Miguel: It’s just not like, feature film type stuff. Like, he, I remember him in Ray, and I remember the episodes he was on the show with Regina King, Southland. Outside of that I don’t remember anything specific, but you always would see him around in things. And I think that’s kind of where the punchlines started to come up for me, because he was in so much stuff. It’s like, if there wasn’t a black person in it, it was like, why didn’t y’all call Bokeem Woodbine?

Christina: Yeah. He became like, you know, the Black guy.

Miguel: Yeah. But at the same time, like you said, now I feel bad knowing that he’s like, damn, I’m struggling out here. To us it looks like he’s just working.

Christina: Yeah. Like, even though, like you were saying, they weren’t like feature films, but it just seemed like he was working. Always working, which he was, but he was also struggling. But also, considering the run that he had too, that he got into pretty quickly, I would imagine for him, that probably feels even worse, even though he’s still working. He’s getting one thing here, one thing there.

Miguel: It’s like, I was just starring in three movies two years ago.

Christina: Yeah, like—

Miguel: And now there’s nothing.

Christina: Back to The Breakfast Club, DJ Envy wasn’t there for some reason, he was off or whatever. And Charlemagne was saying, how Envy keeps talking about the time he was in a movie with Bokeem. And Bokeem was trying to be nice. He was like, oh, he held his own. They’re like, no, he didn’t. It was terrible. And they were like, what was the name of the movie called? And he’s like, it’s called “the I need a check” movie.

Miguel: ’Cause I was hoping he would say what the actual movie was.

Christina: I found it.

Miguel: Okay.

Christina: So the movie is Blood of a Champion, so that was in 2006, so this is during those slump years. And fun fact, this movie was with Deborah Cox. And the reason why I say this is a fun fact, because this is one of these, according to him, "I need a check" movies. But remember that movie you hated with Larenz Tate—

Miguel: Larenz Tate and her in it.

Christina: And Deborah Cox in it. So she is she getting the shaft in terms of her acting career that she’s ending up in these terrible movies too?

Miguel: Honestly, I didn’t know she was acting until we saw that Larenz Tate movie. And then I looked at her IMDb and it’s a bunch of stuff like that. So…
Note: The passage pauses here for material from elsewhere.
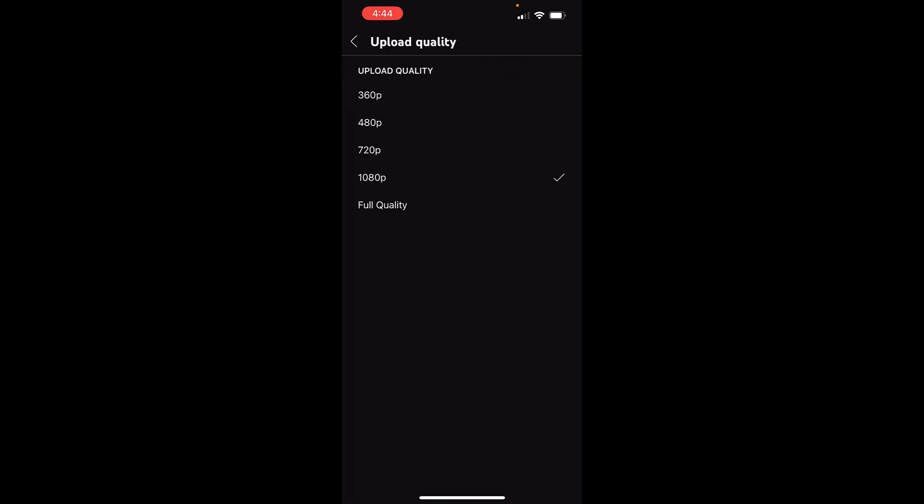If you want to upload that video from your iPhone to YouTube with the full quality then you need to tap on the upload quality and set it as full quality. So now we have set the upload quality to full quality.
Christina: Yeah. Maybe she needed the check too.

Miguel: Mortgage needs to be paid. Kids gotta go to these private schools.
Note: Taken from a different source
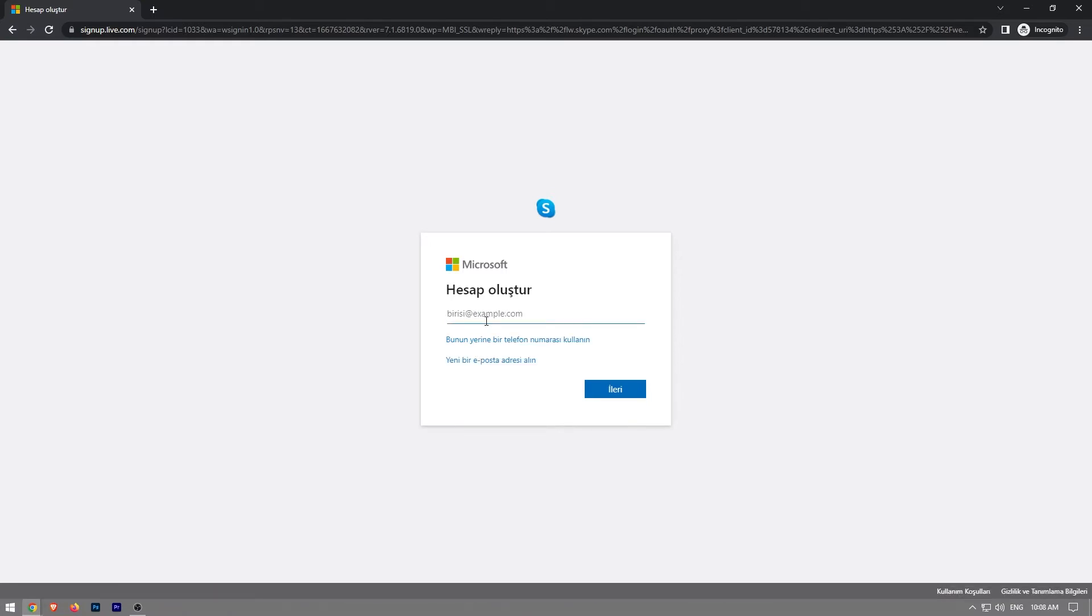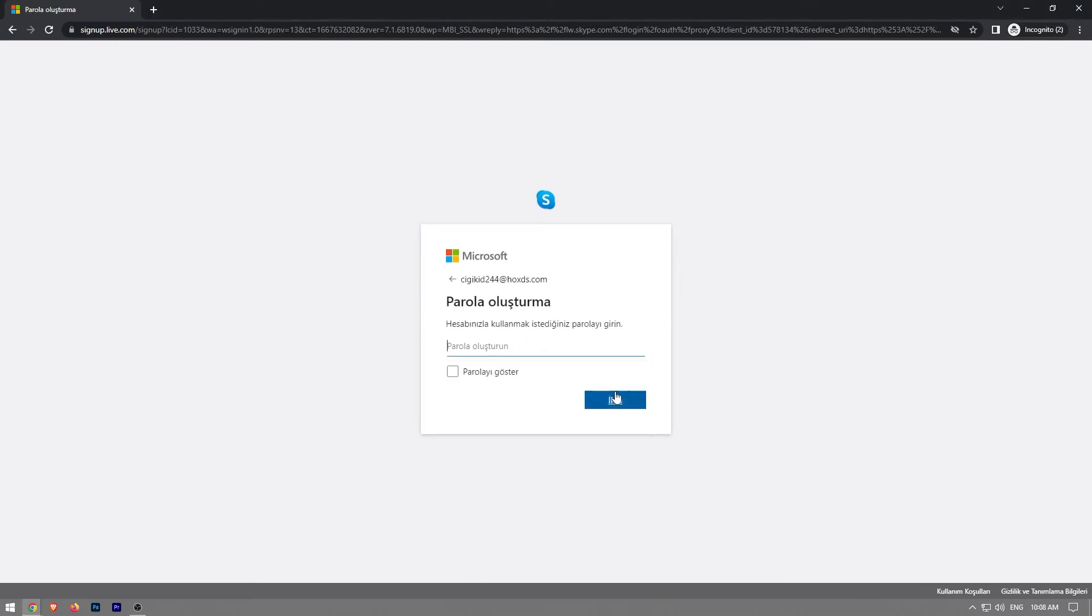You're going to enter your email right here and click on next.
Christina: I just thought it was funny because you hated that movie she was in with—

Miguel: That movie’s terrible.

Christina: Larenz and I was like, oh, now she’s in another one with Bokeem. [Laughs]

Miguel: It is terrible. It makes no sense. None of it.

[music break]

Christina: It wasn’t until recently that I’ve even heard any interviews with him. He’s so, just kind of chill and nice. And he’s just kind of like, eh, it is what it is, right. And so now I feel bad cause the first time I heard an interview with him, was with Jemelle Hill, I think maybe last year, I can’t remember, semi-recently but not too recent. And they were talking about him being typecast and going through his slump and he was just like, eh, I guess I had to come to terms that when you look the way I do, people are going to cast you in certain types of roles.

Miguel: Yeah. You’re going to be that guy.

Christina: Yeah, and then I was like, aw, now I feel bad. Before, it was like, oh, where’s Bokeem? When it was like, this was all he could get because of the way the industry works, right? I mostly listened to just The Breakfast Club and the Jemele Hill podcast interviews where I’m getting most of what he’s been saying. But he also mentioned that–he said it seemed to coincide, his slump, was when Bush was in office and then his second run—

Miguel: Was when Obama was in office.

Christina: So it was like, Black is cool again. Because his career started at a time where there was like a boom for Black movies. And then it kind of fizzled out just because that’s how things work, where there’s a boom, people get comfortable. Then things go back to the status quo. And then things get uncomfortable. And then there’s a change again.

Miguel: And now the roller coaster’s going back up.

Christina: Yeah, so perhaps, maybe that is why because of just the way the industry sort of changed, right?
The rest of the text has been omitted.